Three years ago real estate investing was hot. Today, many people act as if the opportunity has passed. I contend that the opposite is true. In the past, as a mortgage banker focused on originating mortgages for investment properties, I started listening to and learning from my real estate investor clients and noticed two categories of real estate investors: real investors and blind investors.

Real Investors have the following in common:

  • Profiting when they buy. Rather than believing an entire market is hot or cold, a real investor knows that the purchase price is what dictates the return on the investment. You can look in any real estate market to see property values and rental rates. Those are things the investor doesn’t control. The investor does control what he is willing to pay for a property, and that’s how a real investor knows what his return on investment will be before buying the property.
  • Investing for income. Real investors buy assets because they produce income. What a property is selling for doesn’t even matter if you can achieve a good return on investment from the property’s cash flow. A real investor might pay full asking price for a property, possibly even above the selling prices for comparable properties, if he is able to achieve a good return on investment through rental income.
  • Taking advantage of market cycles. Rather than expecting to buy low and sell high in a short period of time, a real investor often buys real estate when the entire market is cheap and sells many years later when the entire market is overpriced.

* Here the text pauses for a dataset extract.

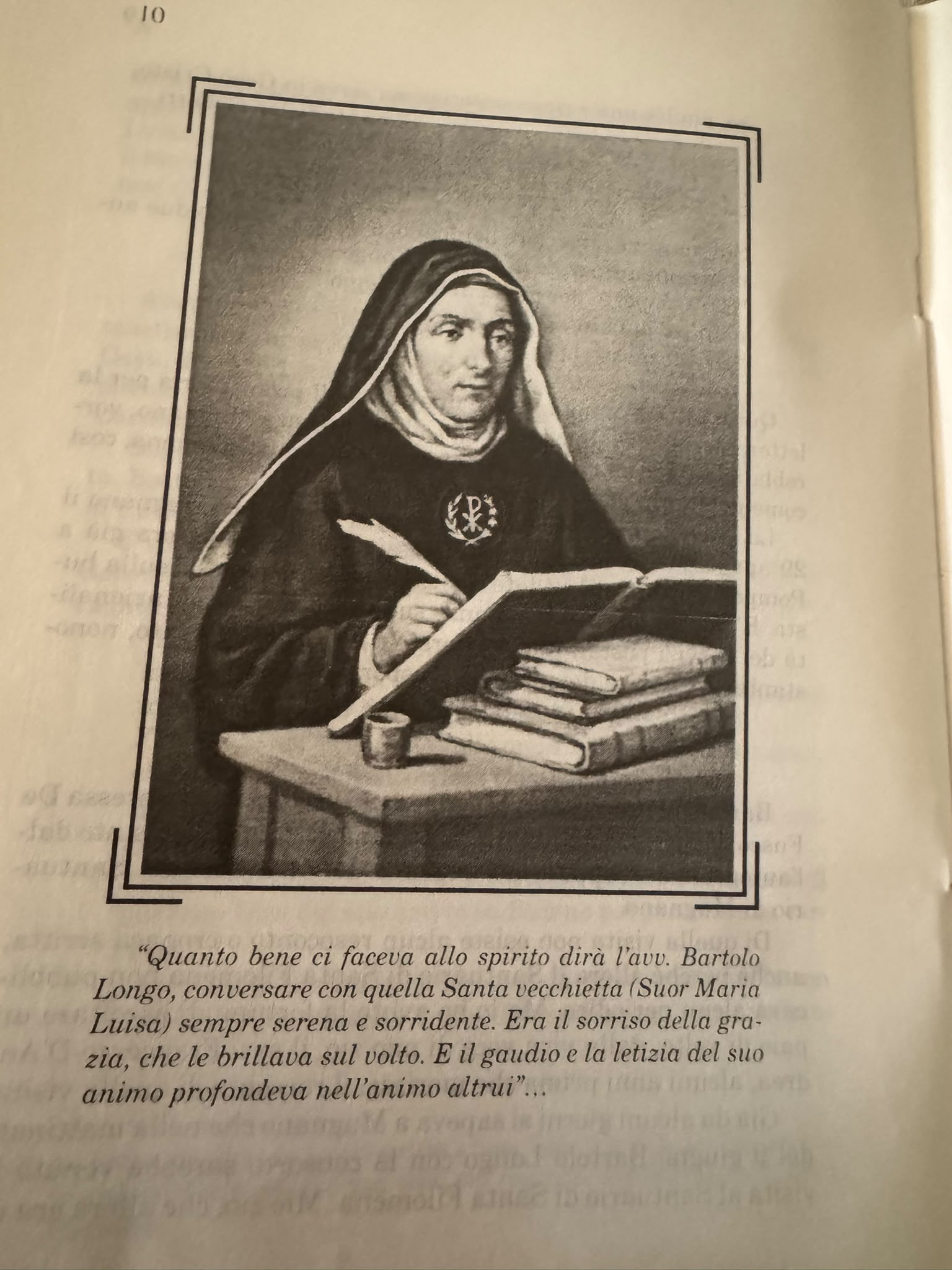 Quel giorno di giugno in cui Bartolo Longo bussò alle porte di Santa Filomena Quel giorno di giugno in cui Bartolo Longo bussò alle porte di Santa Filomena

Blind Investors have the following in common:

  • Focusing on selling for profit. Blind investors will buy any piece of real estate when they believe real estate is hot. If prices are rapidly increasing, a blind investor just hopes that the trend will continue without understanding it. Hope is not a strategy.
  • Investing primarily for appreciation/gains. Blind investors don’t want to own assets; they want to trade assets. They want to buy low and sell high. Buying low and selling high can be a good thing, but it’s not always easily achievable, especially in short periods of time.
  • Being on the losing end of market cycles. A real estate market can become overpriced if too many people are buying properties (especially if for the wrong reasons), and this is often the point at which blind investors choose to join the fun and start buying. Then once real estate prices start correcting downward, blind investors will sell in a panic bringing prices even lower, which creates extraordinary buying opportunities for real investors.